北京NOW (B)    
     第1号 2004.6.2発行 by 江原 規由
    経済都市北京へ向けた挑戦 <目次>へ戻る
 北京には、「顔」が2つある。国家(中央)の首都としての「顔」と地方大都市北京市としての「顔」である。よくいわれる「政治都市」としての北京の「顔」は前者で、当然、多くの国家機関が居を構えている。中国のシリコンバレーといわれ、IT企業や研究機関の注目を集めている「中関村」などは、後者の「顔」を代表している。最近、後者の「顔」が主張を強め、大いに目立とうとしている。一言でいえば、北京市が、「経済都市」の側面を主張をはじめたということである。
 
中関村科技園西区
http://www.zhongguancun.com.cn/intro/yqgh.html より
「総部経済」。このところマスコミでよく目立つようになったのがこの用語である。その意味するところは、北京市には中国の「経済センター」としての機能と能力があり、更にこれを高めていこうという主張といってよい。目下、北京市には、外国企業の事務所6000余社が、フォーチュン誌の選ぶ世界500傑の大企業のうち160社が、外国企業の設立したR&Dセンター50余ヵ所が、そして多国籍企業の地域本部25所が存在する。「総部経済」たる資源は十分あるというわけである。北京は、「首都」や「政治都市」として内外の注目を集めてはいるが、北京市としてもっともっと「資金」や「外資企業」の集積もあってもよいのではというのが、「総部経済」を主張し出した本音である。今の世の中は経済全盛である。北京市には、経済面で、上海市や深市にこれ以上、水をあけられたくないたくないという焦りがある。

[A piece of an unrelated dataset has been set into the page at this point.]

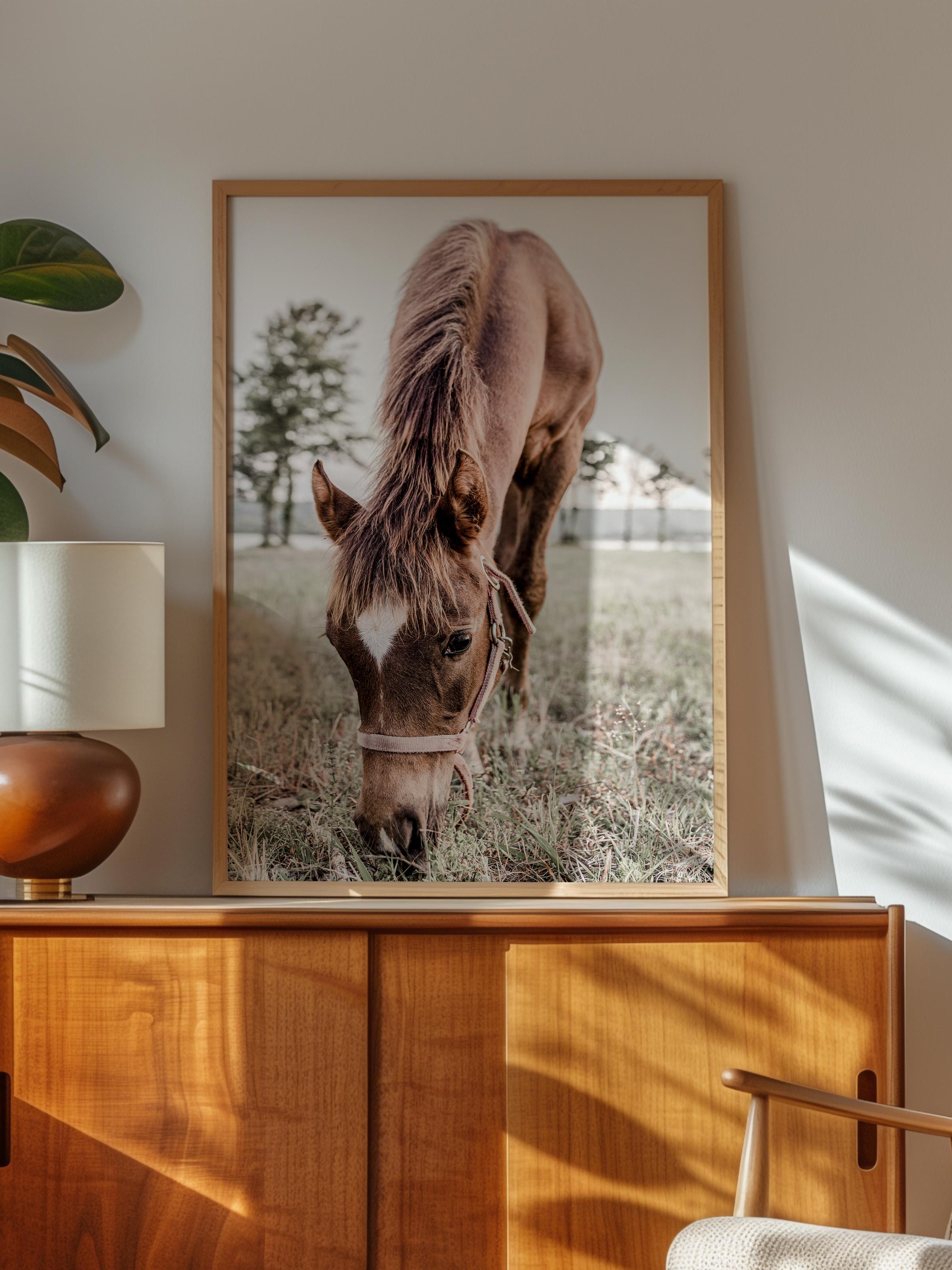 Rustic Çerçevesiz Poster, İskandinav Kahverengi Poster, NO:242 At Fotoğraf, Dikey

 北京市が経済都市として主張をはじめたことの証として、このところよくいわれるのが、「京三角」経済圏である。上海市を中心とする「長江三角洲(揚子江デルタ)経済圏」、深市などを中心都市とする「珠江三角州(珠江デルタ)経済圏」は中国経済を牽引する2大経済圏として定着しているが、中国第三の経済圏として期待されていた、京津唐(北京市、天津市、唐山市)経済圏、或いは京津冀(冀は河北省のこと)経済圏、すなわち北京市、天津市を核とする「首都経済圏」は、これまで纏まりを欠き上記2大経済圏から大きく遅れをとっていた。「京三角」経済圏とは、この「首都経済圏」のことにほかならないが、長江や珠工といった大河があるわけではないが、あえて「三角」と命名し、上海市や深市を核とする三角州経済圏を意識しているところに、「総部経済」の実現を目指す北京市の決意なり、意気込みが読み取れる。
  そればかりではない。「総部経済」の実現に向け、「京三角」と、目下成長著しい環渤海経済圏(注1)との融合を図ろうとの動きが俄かに活発化している。「京三角」は、よく「金三角」(ゴールデン・トライアングル)とも言い換えられるが、敢えて、「京」を「金」に置き換えるところ(注2)にも、北京市を中国の「経済センター」にしたいとの「熱い思い」が感じられる。こうした「積年の思い」を秘めているのは北京市だけではない。今年5月、李允石河北省省長(日本の知事に相当)は、同省の経済貿易商談会(第21回)で「北京市、天津市、環渤海地区の優位性を発展させ、一体化する中で、河北省自信の発展を図る」と表明している。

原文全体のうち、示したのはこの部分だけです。